● Stored data:
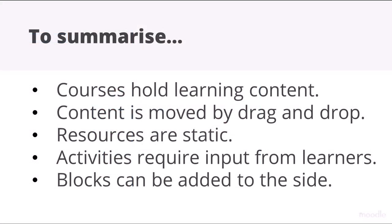To summarize: courses hold learning content. Content may be moved by drag and drop. Resources are static. Activities require input from learners. Blocks may also be added to the side.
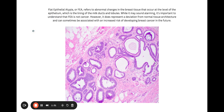The duct is responsible for propagating or moving the milk along out of the body. So flat epithelial atypia is a condition in which you have abnormal lining of the acini within the terminal duct lobular units. It is not considered a cancerous lesion. However, it's thought to increase the risk of cancer down the line, so that's why it's important to look for it and to document it.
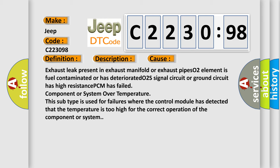This diagnostic error occurs most often in these cases: Exhaust leak present in exhaust manifold or exhaust pipe's O2 element is fuel contaminated or has deteriorated, O2S signal circuit or ground circuit has high resistance, PCM has failed, component or system over temperature. This subtype is used for failures where the control module has detected that the temperature is too high for the correct operation of the component or system.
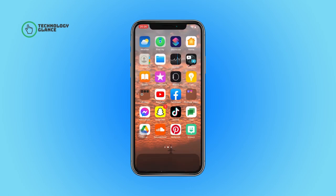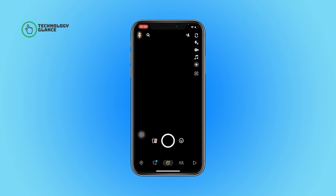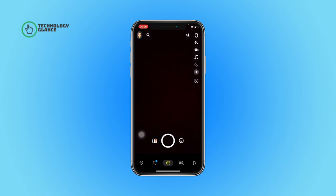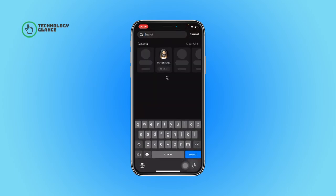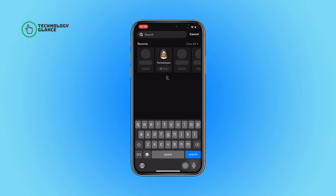First of all, open the Snapchat app on your device. Now tap on the little search button beside your profile icon. Enter the name of the filter you are searching for.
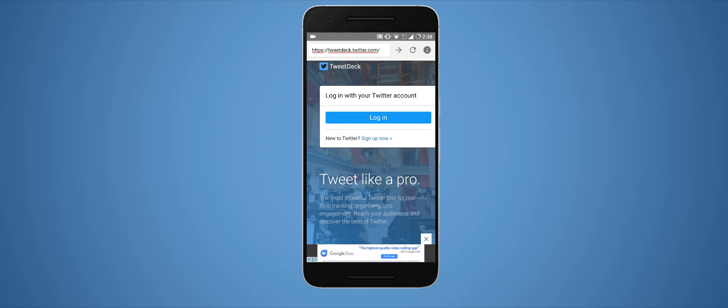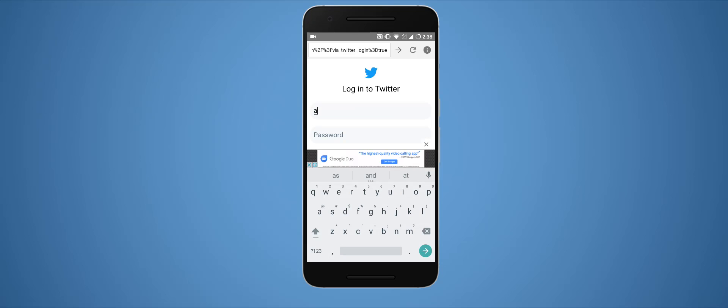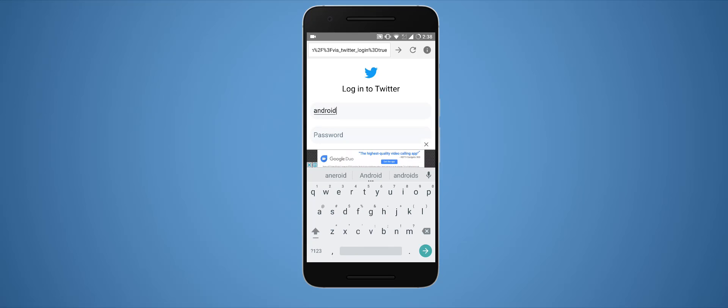The app works like a browser injected by JavaScript, so it will load through that. It will ask you to login into Twitter, and it will direct you to the official Twitter account login page. Just login with your ID.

● Your task: Go through the records above and write out every line exactly, passing over the pictures.

● Completed task:
To summarize: courses hold learning content. Content may be moved by drag and drop. Resources are static. Activities require input from learners. Blocks may also be added to the side.
The duct is responsible for propagating or moving the milk along out of the body. So flat epithelial atypia is a condition in which you have abnormal lining of the acini within the terminal duct lobular units. It is not considered a cancerous lesion. However, it's thought to increase the risk of cancer down the line, so that's why it's important to look for it and to document it.
This diagnostic error occurs most often in these cases: Exhaust leak present in exhaust manifold or exhaust pipe's O2 element is fuel contaminated or has deteriorated, O2S signal circuit or ground circuit has high resistance, PCM has failed, component or system over temperature. This subtype is used for failures where the control module has detected that the temperature is too high for the correct operation of the component or system.
First of all, open the Snapchat app on your device. Now tap on the little search button beside your profile icon. Enter the name of the filter you are searching for.
The app works like a browser injected by JavaScript, so it will load through that. It will ask you to login into Twitter, and it will direct you to the official Twitter account login page. Just login with your ID.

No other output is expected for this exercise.